バイリンガルは果たして進学に有利なのか?

裕子は留学のメリットとして、帰国子女枠の存在を指摘していた。

帰国したとき、岡崎先生と電話で話しましたが、めぐのチャンスもよく考えて生かすように、と言ってくれました。
(途中略)
HMに残ってもいいし、修了書が出る学校に移ってそれを持ってかえれば、万一、成蹊が合わなくなったとしても、帰国子女枠を使って他に行けるというメリットがあります。次の留学のとき、間違いなくヒストリーがあがります。

岡崎先生は人間としては尊敬すべき人だ。間違いなく良い先生だ。しかし、帰国子女の最近の動向を理解しているかどうかは、少し不安に思う。帰国子女枠は、今や「狭き門」なのだ。

帰国子女枠入試概況
簡単に近年の帰国子女の概況をまとめてみました。全ての学校に当てはまるわけではありませんが、「帰国子女枠入試」=「入りやすい」というのは過去のものとなってしまいました。日本国内で「全入時代」と騒がれている受験界ですが、帰国子女入試に関しては元々が少数募集ですので難しさは変わっていないようです。
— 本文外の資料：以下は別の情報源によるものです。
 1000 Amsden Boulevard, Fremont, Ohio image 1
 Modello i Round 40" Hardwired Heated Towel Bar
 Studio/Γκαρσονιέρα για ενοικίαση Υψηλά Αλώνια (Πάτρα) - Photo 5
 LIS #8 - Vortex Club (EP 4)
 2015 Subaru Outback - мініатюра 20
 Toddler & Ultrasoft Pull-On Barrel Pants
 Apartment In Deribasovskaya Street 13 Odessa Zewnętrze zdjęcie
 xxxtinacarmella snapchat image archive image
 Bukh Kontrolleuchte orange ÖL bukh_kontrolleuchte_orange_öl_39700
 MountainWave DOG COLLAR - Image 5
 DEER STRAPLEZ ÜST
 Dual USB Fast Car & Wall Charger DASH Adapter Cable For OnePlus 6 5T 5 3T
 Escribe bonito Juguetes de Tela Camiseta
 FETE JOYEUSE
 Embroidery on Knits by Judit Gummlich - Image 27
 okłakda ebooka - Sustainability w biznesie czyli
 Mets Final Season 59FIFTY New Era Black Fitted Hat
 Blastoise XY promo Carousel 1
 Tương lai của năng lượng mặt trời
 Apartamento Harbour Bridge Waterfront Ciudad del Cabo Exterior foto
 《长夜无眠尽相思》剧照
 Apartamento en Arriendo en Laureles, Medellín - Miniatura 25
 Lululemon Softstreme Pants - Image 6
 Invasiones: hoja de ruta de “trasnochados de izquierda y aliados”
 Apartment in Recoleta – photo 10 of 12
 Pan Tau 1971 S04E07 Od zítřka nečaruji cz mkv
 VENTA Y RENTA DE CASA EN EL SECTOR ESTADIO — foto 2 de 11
こんな話もあります。帰国子女枠に予備校通いが必要とは・・・。

参考までに、大学入学時の帰国子女枠は、親の海外赴任でついていった子供が優先で、私費留学の場合、2年以上の在学期間があり、海外の高校を卒業することという条件がつく大学が多いです。また、有名大学の帰国子女枠入試は、専門の予備校へ通わなければならないほど激戦だそうです。

最近もこんなニュースがありました。門は狭くなる一方です。

福井大は1日、2012、13年度の春に入学する学生の選抜方法を変更すると発表した。帰国子女枠を廃止するほか面接や書類選考によるAO入試の出願要件を厳格にする。

帰国子女枠は縮小されつつあります。理由は単純です。帰国子女に対する認識が変わってしまったのです。「国際感覚の優れた優秀な集団」という虚像から、「日本の文化に馴染めない落ちこぼれ集団」という実態を学校側も理解してしまったのです。帰国子女を優遇する合理性がない以上、これからも枠は小さくなり続けるはずです。

まとめ
  • バイリンガルが進学に有利」という考えは、捨て去るべき。そのような状況は終わってしまった。一方で、たとえ帰国子女枠などなくても、めぐちゃんの能力なら進学に何の問題もないはずだ。私はそう信じている。
  • 進学上有利でないからと言って、バイリンガル教育すべてを否定する理由にはならない。バイリンガルの「真の利点」は、そんなことではないはずだ。